水面にはビル群が映って、今日は川の流れが静かです。
突然ですが、人が涙するのはどんなときでしょう。
昨晩、NHKの「ファミリーヒストリー」で、主人公の俳優の堤真一さんが、こらえきれない涙を流されたのを見ました。
ドラマの中の登場人物になりきって心理を練り上げ、心動くシーンの撮影を幾度となく演じてこられたことでしょうに、作り話ではない自分のファミリーヒストリーに感涙されました。

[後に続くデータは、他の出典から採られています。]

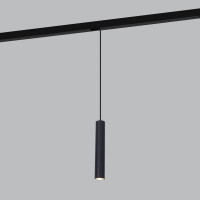 Трековый светильник Elektrostandard Slim Magnetic P01 6W 4200K черный 85014 01 a057202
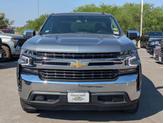 Thumbnail of 2021 Satin Steel Metallic Chevrolet Silverado 1500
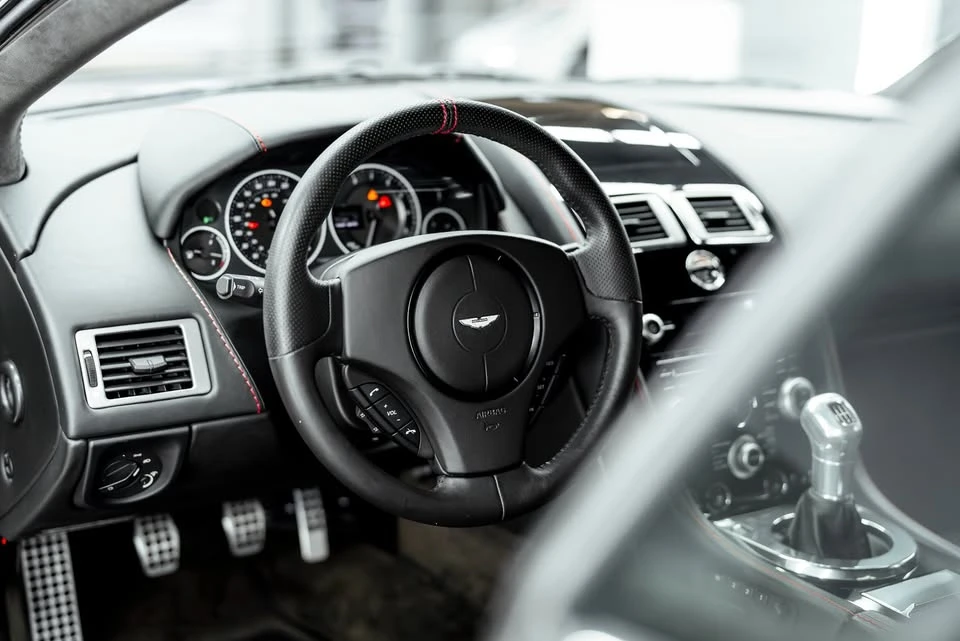 2009 Aston Martin DBS (2008-2012) - Image 13 of 20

東京制作のドラマは一字一句台詞が決まっているといわれますから、そこは大目に見たとしても、私だったら大泣きするだろうと、彼の気づきを我がことのようにうれしく拝見しました。
何が彼を泣かせたかというと、お父さんとの関係です。
思春期の男の子が難しいのは、経験ある親なら誰もが知っています。彼も、お父さんに刃向かう息子だったようです。
そして、憎まれ口。
「しがないサラリーマンなんて、僕はなりたくない」。
親の心子知らず。
昨日の放送で、そこのところが解き明かされていきました。本当にお父さんはサラリーマン一筋にあくせくしていたのかと。
堤真一さんが放送中、何度か驚いたように、知らなかったと繰り返されたのは、お父様が東大受験を勧められるほど勉強がお好きだったということです。
家族を養うために、自分のしたいことを抑えざるをえなかったお父様は常に寡黙で、決してご自分を披瀝することはなかったそうです。
その後、五十歳になって通信教育で大学に通われたという事実に続き、息子の知らなかった父親の姿が次々に明かされました。
そして、周りの人にも息子を頼むと言ってくれていたことを知った彼は、「知らなかった」と何度もつぶやきました。
自分と父は理解し難い関係なんだと諦めて生きてきたのに、お父様は息子をこよなく愛しておられました。
この思い違いは、どこの家庭にもあることです。
私自身も、テレビ画面を見ながら、自分に置き換えて見ていました。
好きなように生きて私たちを困らせていた父を許せなかった私。途方に暮れてそんな頼りない娘に相談してくる母。
父と母の心の内を何も知らなかったと今は思います。役立たずでごめんねと。
親と子とは、深い縁です。
どんな秘め事があろうと、親子であり続けます。
「真実一路」から堤真一と名付けてくれたお父様の本当の姿を知った彼は、根っ子を太くしてこれから更にいい役者になられるような気がします。
実際、「晴天を衝け」の平岡円四郎はドラマに色を付けてくれた感がありました。楽しみな俳優さんです。